** PROBLEM **
Each line below must be transcribed exactly, and no picture may appear in the transcription.

** GIVEN INFORMATION **

*** Begin section ***

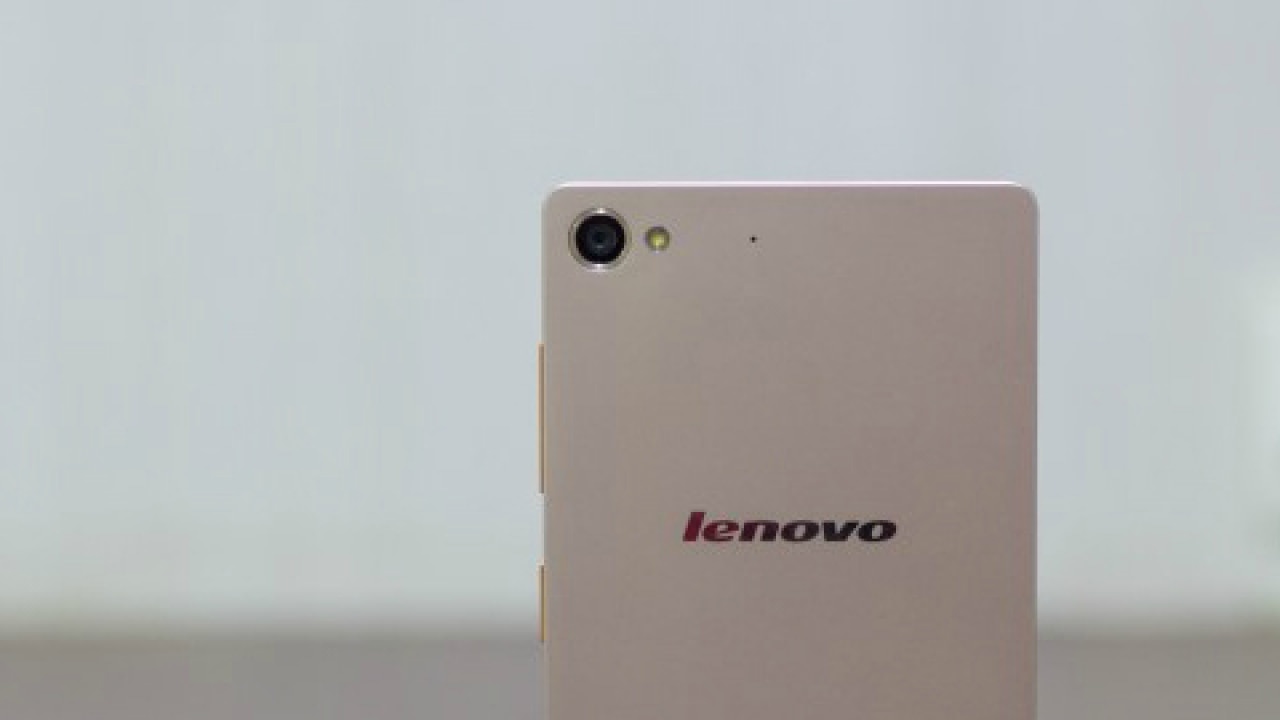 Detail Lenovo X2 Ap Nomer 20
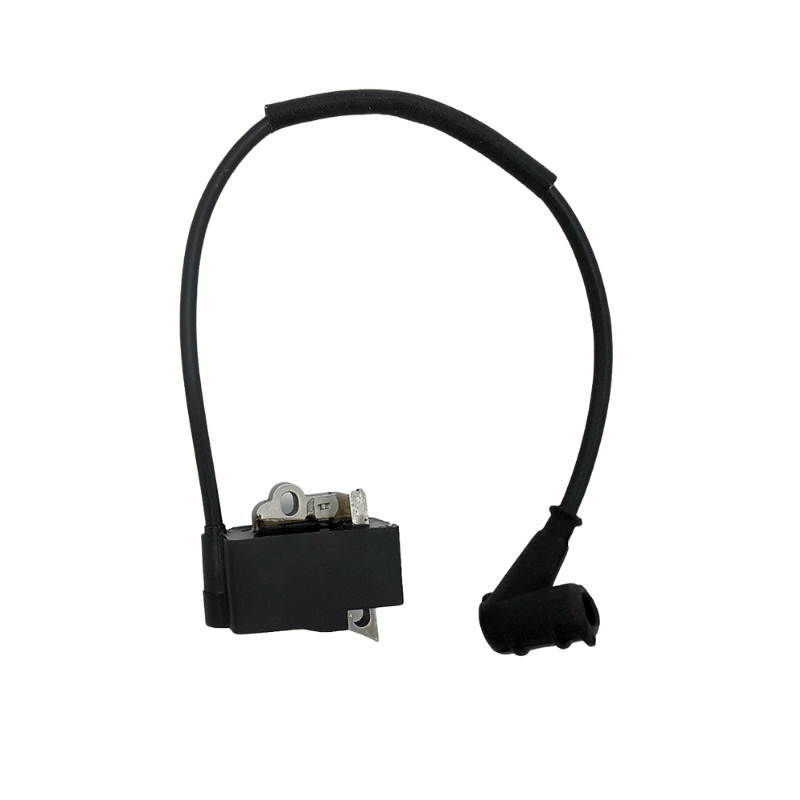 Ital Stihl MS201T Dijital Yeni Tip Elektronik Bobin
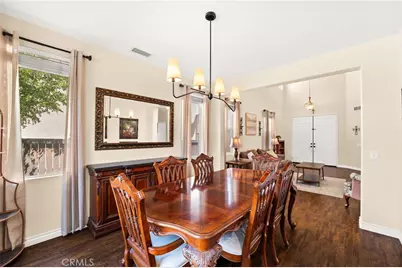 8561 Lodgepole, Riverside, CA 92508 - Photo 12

*** End section ***

** RESULT FOR THIS TASK **
 Detail Lenovo X2 Ap Nomer 20
 Ital Stihl MS201T Dijital Yeni Tip Elektronik Bobin
 8561 Lodgepole, Riverside, CA 92508 - Photo 12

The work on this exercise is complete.